The design of selection array embodies the idea of delayed materialization. Refer to the paper "Materialization Strategies in a Column-Oriented DBMS". The so-called delayed matrialization is to postpone the process of materialization as much as possible to reduce the overhead of memory access. When performing expression evaluation, it is common to filter part of the data through Filter expressions, and then evaluate the filtered data; each filtering will affect all the vectors in batch. Taking the batch in the figure above as an example, if we set the filter condition vector (int, 0)! = 1 for the 0th vector, and assume that 90% of the data in vector (int, 0) meets this filter condition (selection rate selectivity = 0.9), then we need to re-materialize 90% of all vectors in batch into another block of memory. If we only record the locations that meet the filter condition and store them in the selection array, we can avoid this materialization process. Accordingly, you need to refer to this selection array in each subsequent vectorization evaluation.

Vectorization primitive

The vectorization primitive is the execution unit in the vectorization execution system, which limits the degree of freedom during execution to the maximum extent. Primitives do not pay attention to context information, nor do they need to do type parsing and function calls at run time, but only need to pay attention to the incoming vectors. It is Type-Specific, that is, a class of primitives can only handle specific types.
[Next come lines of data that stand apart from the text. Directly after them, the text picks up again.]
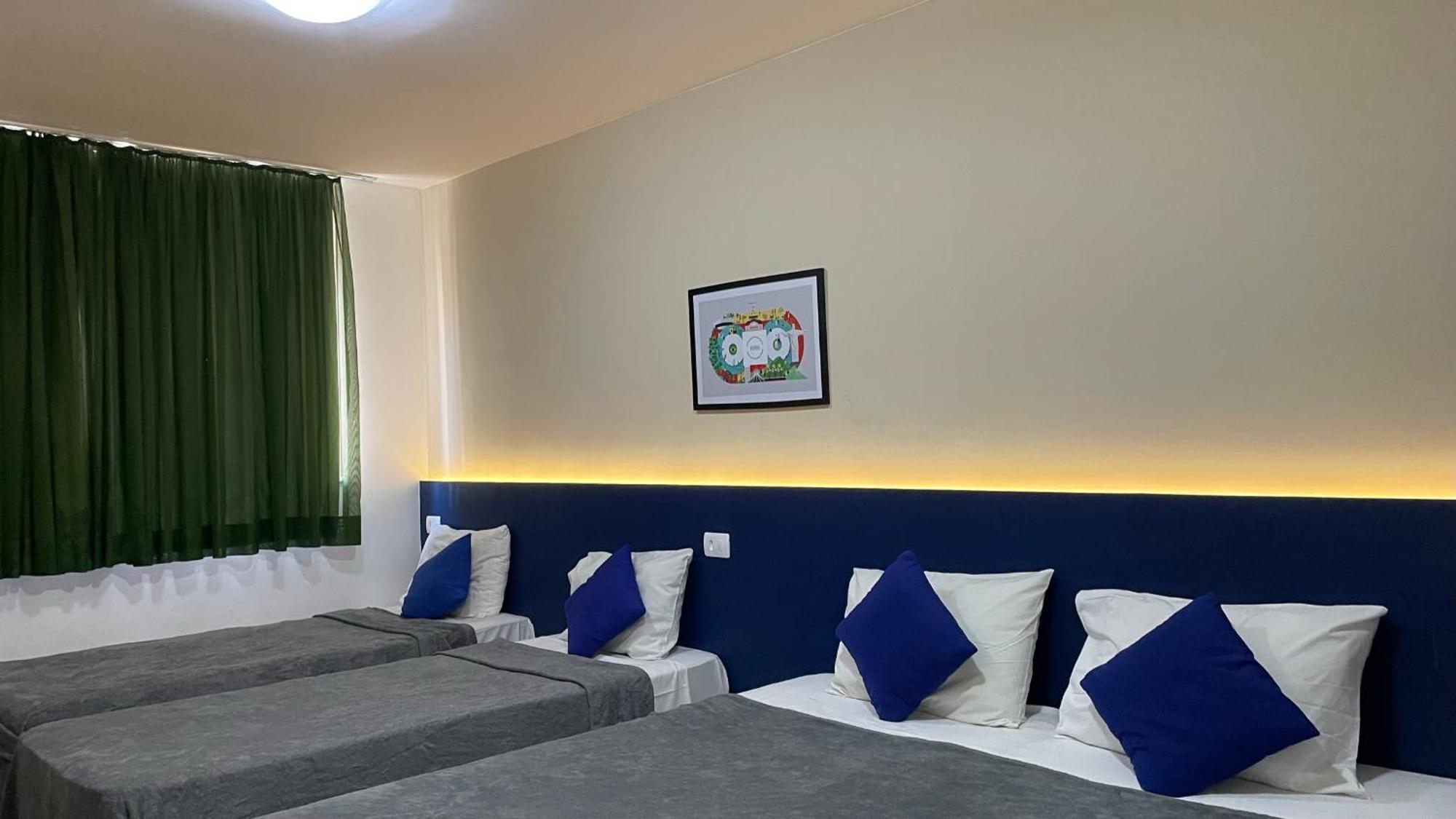 Quadruple Room 4 single beds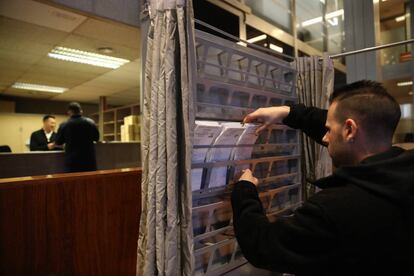 Un funcionario prepara las papeletas en una cabina en el Ayuntamiento de Barcelona.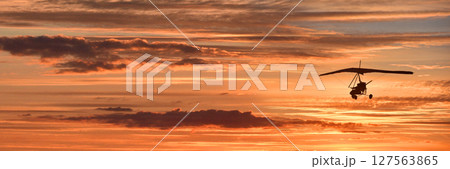 Hang glider on a motor on a summer evening against the backdrop of a sunset sky. Extreme sport. Banner, blank for an advertising layout with a place for writing Hang glider on a motor on a summer evening against the backdrop of a sunset sky. Extreme sport. Banner, blank for an advertising layout with a place for writing 127563865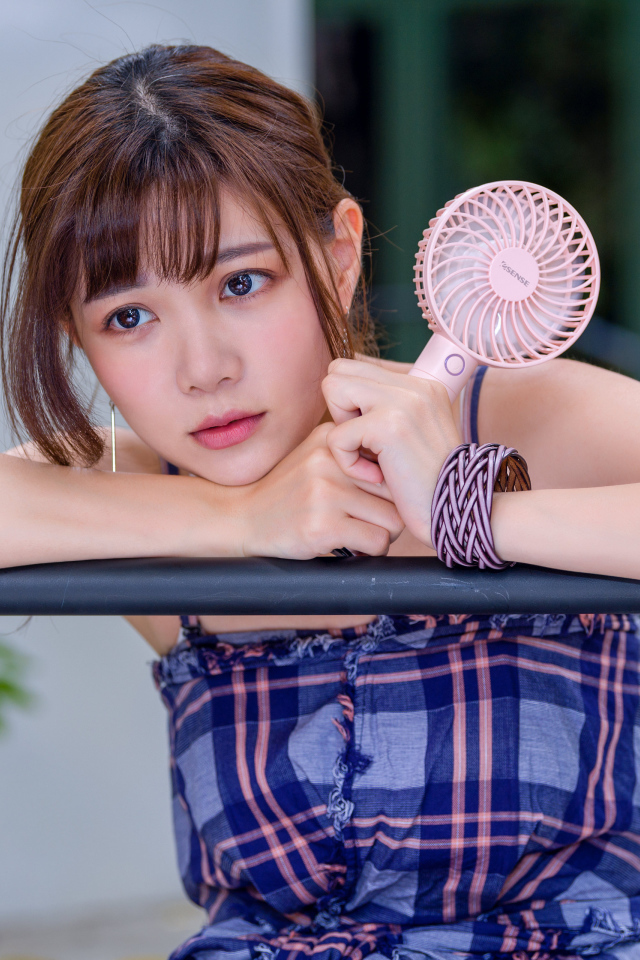 Девушка азиатка с вентилятором в руке 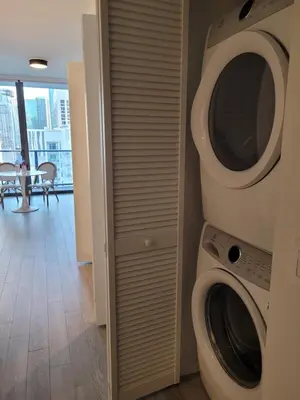 a laundry room with a washer and dryer at Lovely Condo Unit in Miami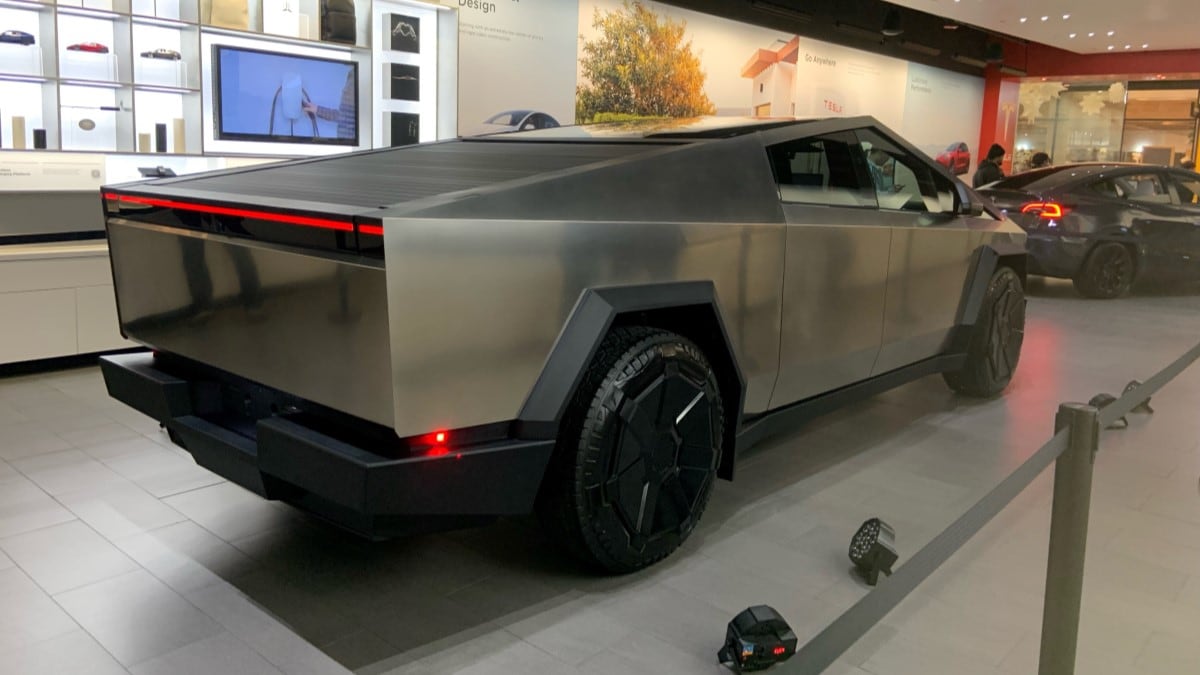 The Tesla Cybertruck seen from a rear quarter angle in a Tesla store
The main body of the vectorization primitive is the code structure of Tight-Loop. In the body of a loop, only values and operations are needed, and there are no branch operations and function calls. A simple vectorization primitive structure is as follows:

Map_plus_double_col_double_col (int / res,double*__restrict__ vector1 / double*__restrict__ vector2,int*__restrict__ selection) {if (selection) {for (int jung0 / j 1 then b * 2else a * b)

Has the following tree structure:

Because scalar expressions are arranged according to volcano structure and provide a unified interface of next (), case expressions must execute all the sub-expressions a > 1 and 1, and then aggregate all the results together, and finally do case semantic processing. This method of execution can not terminate the evaluation process in time according to the processing result of the when expression, but execute indiscriminately on the whole subexpression.

After introducing the vectorization actuator, we can design short-circuit evaluation to optimize this problem, and each subexpression needs to be provided with an appropriate selection array, so as to correctly select the appropriate position in the column for vector operation.

On how to use the PolarDB-X vectorization engine to share here, I hope the above content can be of some help to you, can learn more knowledge. If you think the article is good, you can share it for more people to see.

Welcome to subscribe "Shulou Technology Information " to get latest news, interesting things and hot topics in the IT industry, and controls the hottest and latest Internet news, technology news and IT industry trends.

*The comments in the above article only represent the author's personal views and do not represent the views and positions of this website. If you have more insights, please feel free to contribute and share.